• **EXERCISE GOAL**
Nothing in the data may change. Copy all of it exactly.

• **DATA IN THIS EXERCISE**
________________________________________

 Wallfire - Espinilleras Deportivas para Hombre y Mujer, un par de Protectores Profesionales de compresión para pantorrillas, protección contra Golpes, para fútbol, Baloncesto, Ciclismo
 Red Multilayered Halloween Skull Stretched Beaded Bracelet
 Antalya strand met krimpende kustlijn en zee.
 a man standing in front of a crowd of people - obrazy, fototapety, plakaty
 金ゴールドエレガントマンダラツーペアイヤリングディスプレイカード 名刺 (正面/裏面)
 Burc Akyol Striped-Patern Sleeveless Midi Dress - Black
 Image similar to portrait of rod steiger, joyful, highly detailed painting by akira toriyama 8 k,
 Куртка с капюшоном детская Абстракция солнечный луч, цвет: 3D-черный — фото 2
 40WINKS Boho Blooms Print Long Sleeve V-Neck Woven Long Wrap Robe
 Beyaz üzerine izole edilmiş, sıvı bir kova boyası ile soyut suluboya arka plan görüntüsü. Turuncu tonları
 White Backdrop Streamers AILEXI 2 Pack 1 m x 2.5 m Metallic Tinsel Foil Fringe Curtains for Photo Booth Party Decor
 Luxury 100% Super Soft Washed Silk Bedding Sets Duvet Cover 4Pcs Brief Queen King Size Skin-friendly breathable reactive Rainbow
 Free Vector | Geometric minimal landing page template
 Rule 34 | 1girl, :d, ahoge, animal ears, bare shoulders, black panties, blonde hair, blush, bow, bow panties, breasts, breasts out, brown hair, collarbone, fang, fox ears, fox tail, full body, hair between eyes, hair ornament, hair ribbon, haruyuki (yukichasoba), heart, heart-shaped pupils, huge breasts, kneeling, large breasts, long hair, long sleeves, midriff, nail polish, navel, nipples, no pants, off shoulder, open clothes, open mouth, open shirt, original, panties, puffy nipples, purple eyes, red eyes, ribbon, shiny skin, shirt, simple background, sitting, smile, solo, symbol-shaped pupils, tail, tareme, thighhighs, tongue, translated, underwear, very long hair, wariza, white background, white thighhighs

________________________________________

• **SOLUTION TO THIS EXERCISE**
 Wallfire - Espinilleras Deportivas para Hombre y Mujer, un par de Protectores Profesionales de compresión para pantorrillas, protección contra Golpes, para fútbol, Baloncesto, Ciclismo
 Red Multilayered Halloween Skull Stretched Beaded Bracelet
 Antalya strand met krimpende kustlijn en zee.
 a man standing in front of a crowd of people - obrazy, fototapety, plakaty
 金ゴールドエレガントマンダラツーペアイヤリングディスプレイカード 名刺 (正面/裏面)
 Burc Akyol Striped-Patern Sleeveless Midi Dress - Black
 Image similar to portrait of rod steiger, joyful, highly detailed painting by akira toriyama 8 k,
 Куртка с капюшоном детская Абстракция солнечный луч, цвет: 3D-черный — фото 2
 40WINKS Boho Blooms Print Long Sleeve V-Neck Woven Long Wrap Robe
 Beyaz üzerine izole edilmiş, sıvı bir kova boyası ile soyut suluboya arka plan görüntüsü. Turuncu tonları
 White Backdrop Streamers AILEXI 2 Pack 1 m x 2.5 m Metallic Tinsel Foil Fringe Curtains for Photo Booth Party Decor
 Luxury 100% Super Soft Washed Silk Bedding Sets Duvet Cover 4Pcs Brief Queen King Size Skin-friendly breathable reactive Rainbow
 Free Vector | Geometric minimal landing page template
 Rule 34 | 1girl, :d, ahoge, animal ears, bare shoulders, black panties, blonde hair, blush, bow, bow panties, breasts, breasts out, brown hair, collarbone, fang, fox ears, fox tail, full body, hair between eyes, hair ornament, hair ribbon, haruyuki (yukichasoba), heart, heart-shaped pupils, huge breasts, kneeling, large breasts, long hair, long sleeves, midriff, nail polish, navel, nipples, no pants, off shoulder, open clothes, open mouth, open shirt, original, panties, puffy nipples, purple eyes, red eyes, ribbon, shiny skin, shirt, simple background, sitting, smile, solo, symbol-shaped pupils, tail, tareme, thighhighs, tongue, translated, underwear, very long hair, wariza, white background, white thighhighs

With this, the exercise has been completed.